European Central Bank policymakers are gathering on Thursday for what may have suddenly become a crisis meeting as Russia's invasion of Ukraine threatens to derail economic growth in the euro zone and complicate the ECB's path out of negative interest rates.
The ECB's policymaking Governing Council had been due to gather in Paris at lunchtime on Thursday for an "informal get-together".
This was aimed at preparing a decision on March 10 on the likely end of the ECB's bond-buying stimulus programme and pave the way for the first rate hike in more than a decade to tackle surprisingly high inflation.

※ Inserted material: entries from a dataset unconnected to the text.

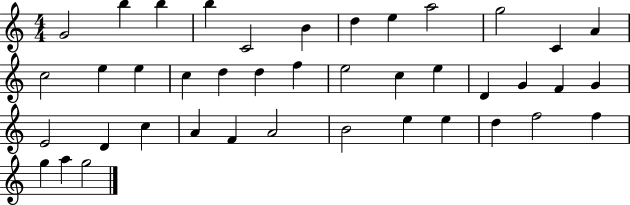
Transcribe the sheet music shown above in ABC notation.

X:1
T:Untitled
M:4/4
L:1/4
K:C
G2 b b b C2 B d e a2 g2 C A c2 e e c d d f e2 c e D G F G E2 D c A F A2 B2 e e d f2 f g a g2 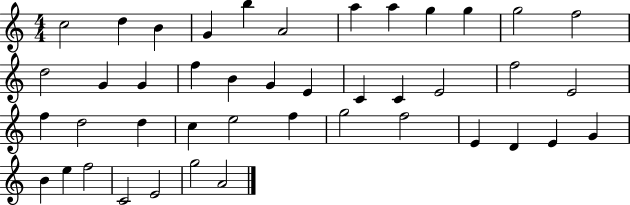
X:1
T:Untitled
M:4/4
L:1/4
K:C
c2 d B G b A2 a a g g g2 f2 d2 G G f B G E C C E2 f2 E2 f d2 d c e2 f g2 f2 E D E G B e f2 C2 E2 g2 A2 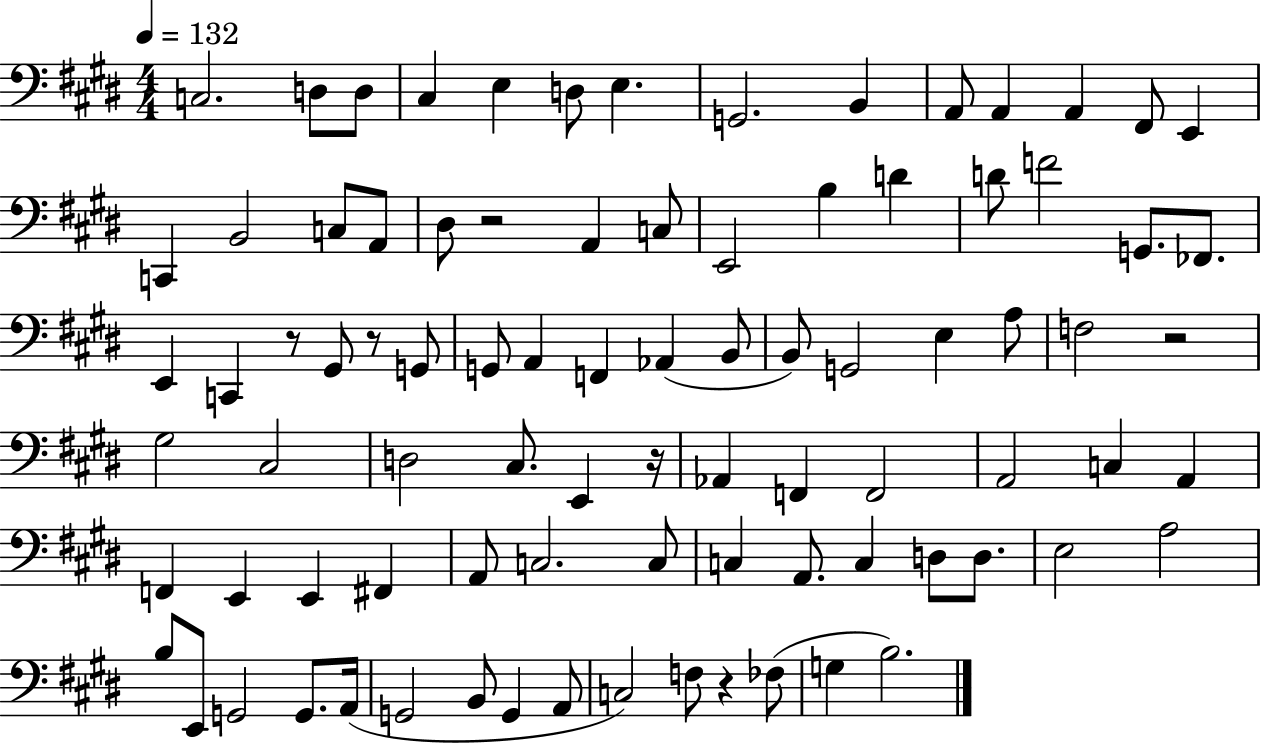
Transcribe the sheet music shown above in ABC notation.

X:1
T:Untitled
M:4/4
L:1/4
K:E
C,2 D,/2 D,/2 ^C, E, D,/2 E, G,,2 B,, A,,/2 A,, A,, ^F,,/2 E,, C,, B,,2 C,/2 A,,/2 ^D,/2 z2 A,, C,/2 E,,2 B, D D/2 F2 G,,/2 _F,,/2 E,, C,, z/2 ^G,,/2 z/2 G,,/2 G,,/2 A,, F,, _A,, B,,/2 B,,/2 G,,2 E, A,/2 F,2 z2 ^G,2 ^C,2 D,2 ^C,/2 E,, z/4 _A,, F,, F,,2 A,,2 C, A,, F,, E,, E,, ^F,, A,,/2 C,2 C,/2 C, A,,/2 C, D,/2 D,/2 E,2 A,2 B,/2 E,,/2 G,,2 G,,/2 A,,/4 G,,2 B,,/2 G,, A,,/2 C,2 F,/2 z _F,/2 G, B,2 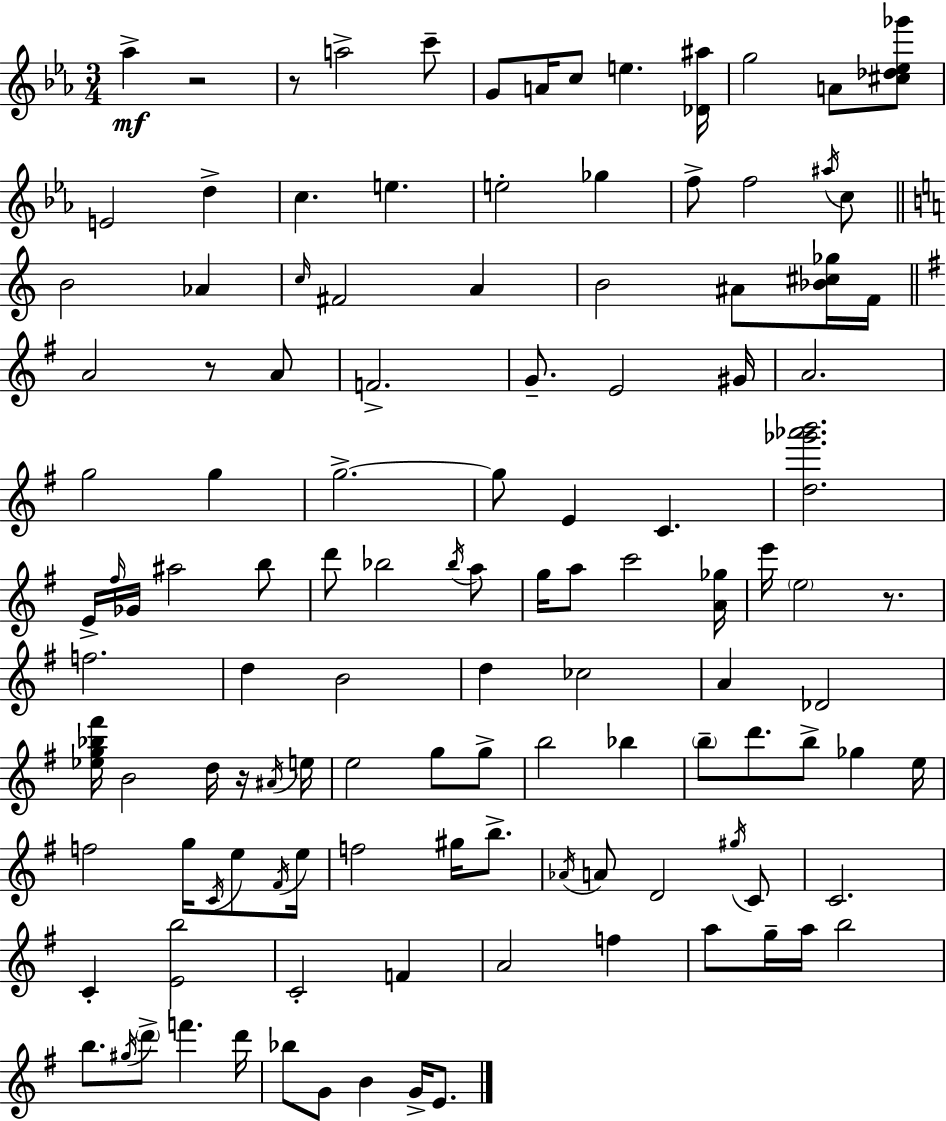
{
  \clef treble
  \numericTimeSignature
  \time 3/4
  \key ees \major
  aes''4->\mf r2 | r8 a''2-> c'''8-- | g'8 a'16 c''8 e''4. <des' ais''>16 | g''2 a'8 <cis'' des'' ees'' ges'''>8 | \break e'2 d''4-> | c''4. e''4. | e''2-. ges''4 | f''8-> f''2 \acciaccatura { ais''16 } c''8 | \break \bar "||" \break \key c \major b'2 aes'4 | \grace { c''16 } fis'2 a'4 | b'2 ais'8 <bes' cis'' ges''>16 | f'16 \bar "||" \break \key g \major a'2 r8 a'8 | f'2.-> | g'8.-- e'2 gis'16 | a'2. | \break g''2 g''4 | g''2.->~~ | g''8 e'4 c'4. | <d'' ges''' aes''' b'''>2. | \break e'16-> \grace { fis''16 } ges'16 ais''2 b''8 | d'''8 bes''2 \acciaccatura { bes''16 } | a''8 g''16 a''8 c'''2 | <a' ges''>16 e'''16 \parenthesize e''2 r8. | \break f''2. | d''4 b'2 | d''4 ces''2 | a'4 des'2 | \break <ees'' g'' bes'' fis'''>16 b'2 d''16 | r16 \acciaccatura { ais'16 } e''16 e''2 g''8 | g''8-> b''2 bes''4 | \parenthesize b''8-- d'''8. b''8-> ges''4 | \break e''16 f''2 g''16 | \acciaccatura { c'16 } e''8 \acciaccatura { fis'16 } e''16 f''2 | gis''16 b''8.-> \acciaccatura { aes'16 } a'8 d'2 | \acciaccatura { gis''16 } c'8 c'2. | \break c'4-. <e' b''>2 | c'2-. | f'4 a'2 | f''4 a''8 g''16-- a''16 b''2 | \break b''8. \acciaccatura { gis''16 } \parenthesize d'''8-> | f'''4. d'''16 bes''8 g'8 | b'4 g'16-> e'8. \bar "|."
}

But Russia's invasion of Ukraine overnight has changed the picture by raising the prospect of higher energy costs, financial turmoil and lower trade for the euro zone.
This was likely to lead to an immediate spike in energy prices followed by lower economic growth and inflation for the euro zone, which relies on Russian gas for 40 per cent of its needs.
ECB policymaker Yannis Stournaras was the first to ring the alarm bell, saying in a Reuters interview published on Thursday that the central bank should continue buying bonds at least until the end of the year to counter deflationary effects in the medium to long term from a Ukraine conflict.
"It will make the ECB more cautious and may delay the decision on tapering bond purchases," said Frederik Ducrozet, a strategist at Pictet.
Daiwa Capital Markets' head of research Chris Scicluna agreed that the Ukraine crisis "would slow the pace of (ECB policy) normalisation".
ING economist Carsten Brzeski added the ECB may now stop short of putting a firm end date on its Asset Purchase Programme on March 10.
No decision was expected at Thursday meeting, which is scheduled to start with a lunch and end at around 10pm (2100 GMT), before a gathering of European Union finance ministers the following day.
The ECB had not shared a meeting agenda with policymakers but these were expected to discuss the economic outlook, their next policy moves as well as some operational matters.
This has now changed, with the Ukraine crisis likely to dominate the discussion.
"This is now something completely different," ING's Carsten Brzeski. "It takes away the pressure for the ECB to rush into action."